信じてもらえないかもしれないけれど、本当に、軽い気持ちだった――。
「はぁー……
私、真理は、一回りくらい年上の、夫ではない男の人に抱かれている。
彼の名前は
苗字以外のことは知らない。
少し剃り残しのある髭が私の素肌を滑り……うなじの当たりに息がかかる。
ささくれた太い指も、固い爪も、几帳面な夫とは、何もかもが違う……。
「あまり、かがないで……」
恥ずかしくて背を丸めても、城田さんはそれを許さない。
「なんで。風呂あがったばっかりでしょ」
「ん……だって、くすぐったい……」
犬みたいに髪の匂いを嗅がれ、背後から無遠慮に胸を揉まれる。
乱れた服からはすでに意味をなさなくて、裾をまくり上げれば簡単に胸がこぼれた。
「ん……ちゅっ……あー……肌がきれいな女の子っていいな……」
「ひあ……! ちょ、そんなとこ、舐めるの……っ」
城田さんは私の首筋をつぅっと舌でなぞる。
耳たぶを甘噛みし、息を吹きかけられたとき、ぞくぞくとしたものが背筋を走った。
――あぁ……私。
二人で、ラブホテルに入ったときから、無意識に視線を落としていた。
仰け反るような刺激に顔を上げて……安っぽいシャンデリアに似た照明を見上げる。
反射した自分の顔は、正確には写らない。
――この人に、これから抱かれるんだ。
今更過ぎることをぼんやりと思い返し、期待なのか、背徳感なのか、よくわからないものが目まぐるしく心中をかき乱す。
「あ……だめ、耳……なんや、やらし……!」
武骨な見た目とは相反して、柔らかく、優しく、でも大胆に舌で肌をなぞられる。
一番感じてしまう耳をぴちゃぴちゃと音を立てて舐められたとき、ダイレクトな水音に思わず身をくねらす。
「音、恥ずかしい……っ!」
「んー? 恥ずかしいから、いいんでしょ?」
まるで、普段愛撫されていないことを見透かされているようでかぁっと火照る。
もじもじと足をすり合わせたことを、城田さんは見逃してくれなかった。
「真理ちゃん、感じてる? こういうの、好き?」
ちゅう……と、強い力で肌を吸われ……鎖骨に赤い花が咲く。

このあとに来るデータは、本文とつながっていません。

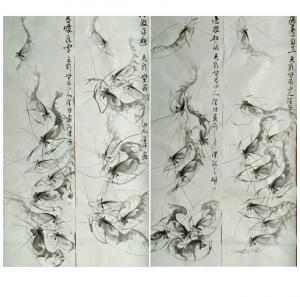 胡小炜（润德）国画作品《墨虾》价格16000.00元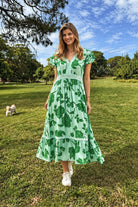 Boho Australia Boho Australia Emaan Midi Dress - Green Floral Boho Australia Emaan Midi Dress - Green Floral Splash Swimwear Dresses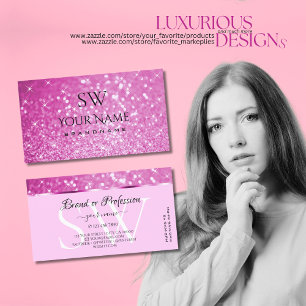 Glamourous Pink Glitter Sparkling Stars Initials Business Card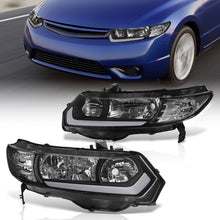 Load image into Gallery viewer, Honda Civic Coupe 2006-2011 Sequential LED DRL Bar Factory Style Headlights Black Housing Clear Len Clear Reflector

刹那、あぁっと甘く鳴いてしまう。
「す、き……」
痕に残ることはしてはいけない。
そんな当たり前な判断すら、つかなくなる。
「だよね。心臓。すげぇ早い」
城田さんは私をベットに押し倒し、胸を掴む。
柔らかく形を変えた胸は城田さんに懐いているみたいだった。
「ん……」
どきどきと暴れる心臓……。
緊張していることを悟られるのが嫌で、城田さんの肩に腕を回し、自らキスを仕掛ける。
「んん……ふぁ……ちゅ……」
重なった温度が、擦り合わされ、舌を絡めて……互いの口内をまさぐるたびに、緊張が全て期待に塗りつぶされていくみたいで……。
私の中心は、夫の前ではありえない程潤み切っていた。